Short web captions

* * * * * * * * *

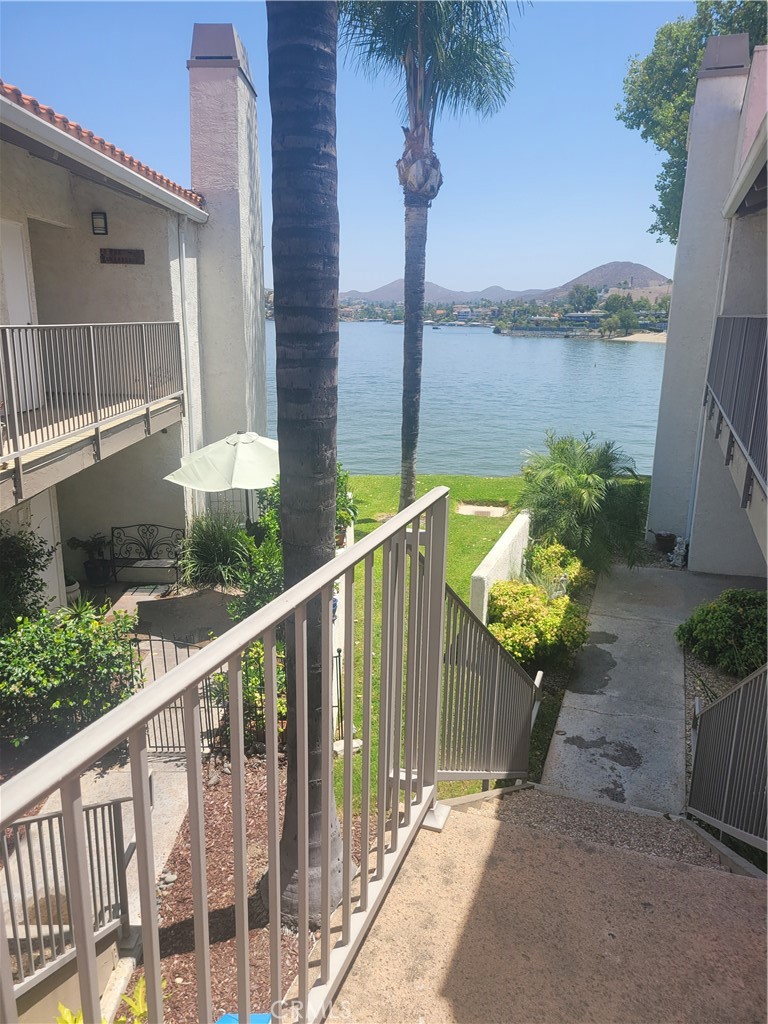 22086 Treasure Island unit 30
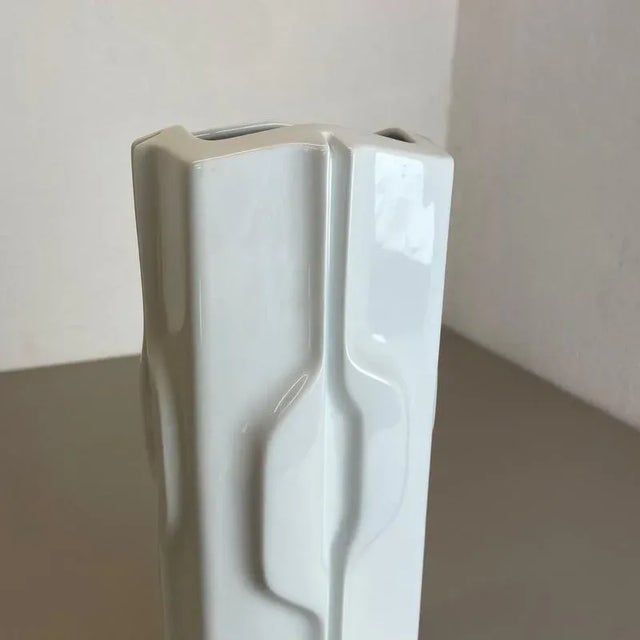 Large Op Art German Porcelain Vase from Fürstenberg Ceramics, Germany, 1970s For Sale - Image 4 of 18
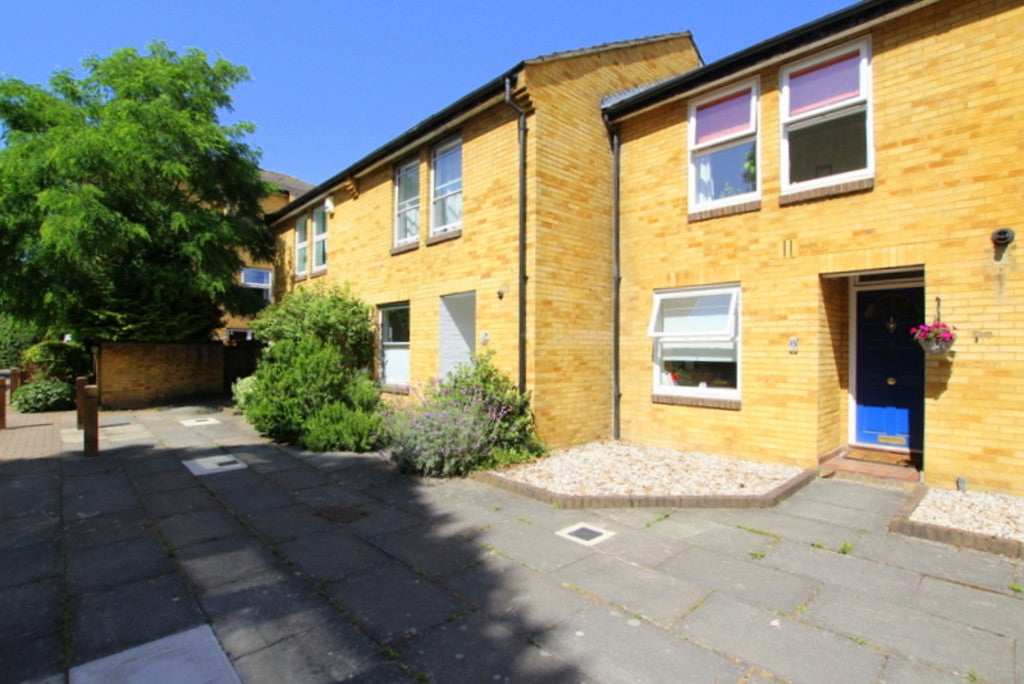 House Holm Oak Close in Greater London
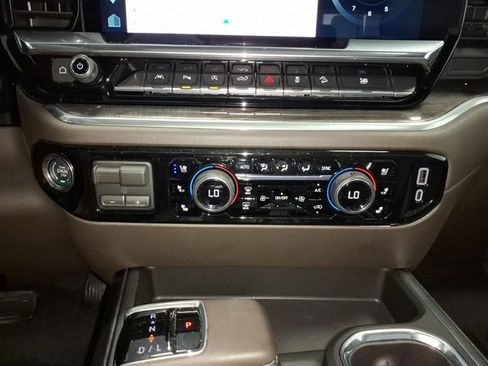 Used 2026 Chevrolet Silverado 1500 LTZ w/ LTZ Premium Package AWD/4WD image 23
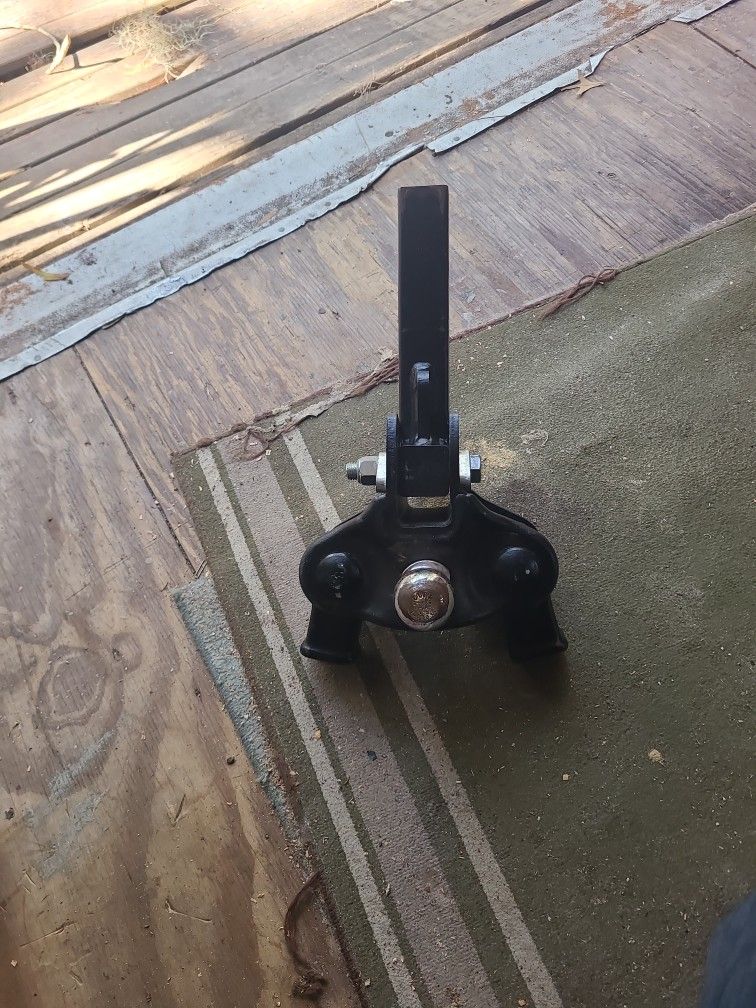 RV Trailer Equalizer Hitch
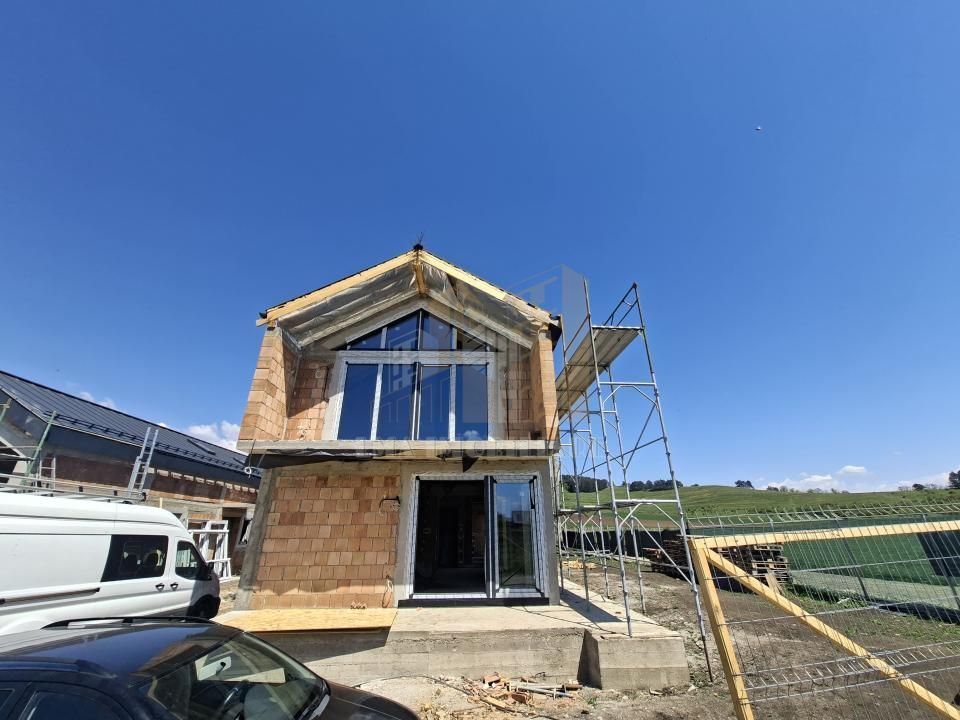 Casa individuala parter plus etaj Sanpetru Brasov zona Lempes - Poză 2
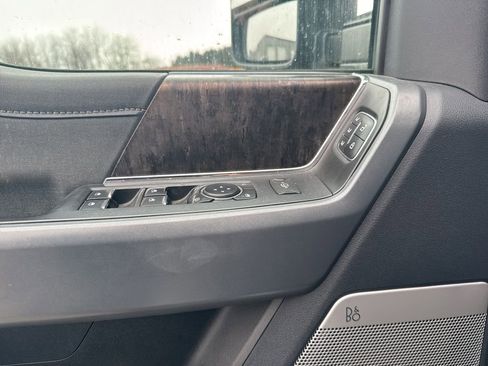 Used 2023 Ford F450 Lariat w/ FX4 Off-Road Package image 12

* * * * * * * * *

The lines from the top of the data above through the one holding "Used 2026 Chevrolet" are to be repeated exactly, and only those, with no pictures.

 22086 Treasure Island unit 30
 Large Op Art German Porcelain Vase from Fürstenberg Ceramics, Germany, 1970s For Sale - Image 4 of 18
 House Holm Oak Close in Greater London
 Used 2026 Chevrolet Silverado 1500 LTZ w/ LTZ Premium Package AWD/4WD image 23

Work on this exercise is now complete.